Among the entries below, the lines from the one with "A person leaning" up to and including the one with "A selfie taken" are to be restated exactly, without pictures.

SOURCE RECORDS:
+--

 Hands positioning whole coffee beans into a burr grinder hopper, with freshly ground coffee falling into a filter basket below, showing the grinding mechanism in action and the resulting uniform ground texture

+--

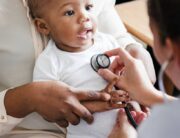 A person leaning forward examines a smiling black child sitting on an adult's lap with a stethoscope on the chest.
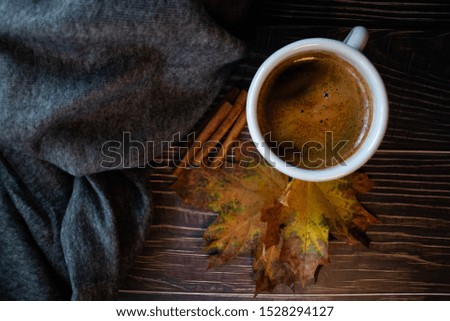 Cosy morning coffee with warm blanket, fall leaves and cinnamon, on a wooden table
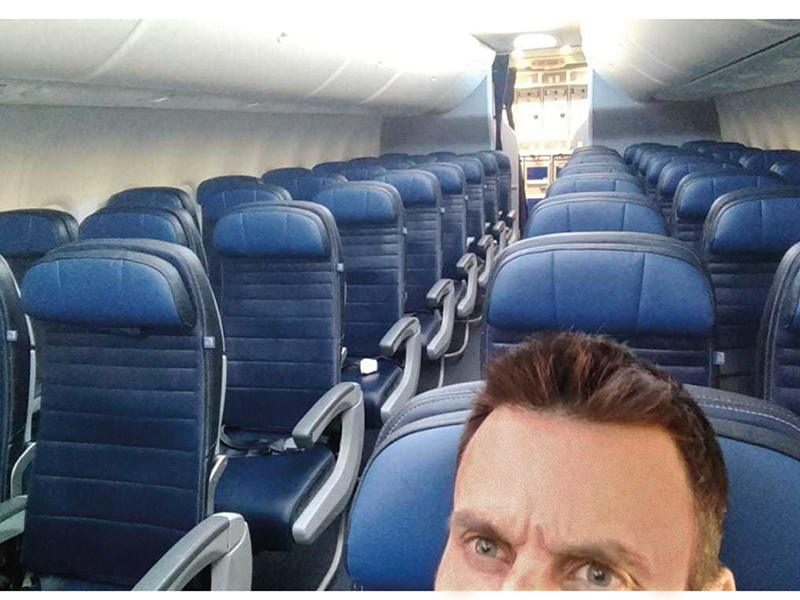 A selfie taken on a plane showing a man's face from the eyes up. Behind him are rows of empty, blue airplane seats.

+--

ANSWER:
 A person leaning forward examines a smiling black child sitting on an adult's lap with a stethoscope on the chest.
 Cosy morning coffee with warm blanket, fall leaves and cinnamon, on a wooden table
 A selfie taken on a plane showing a man's face from the eyes up. Behind him are rows of empty, blue airplane seats.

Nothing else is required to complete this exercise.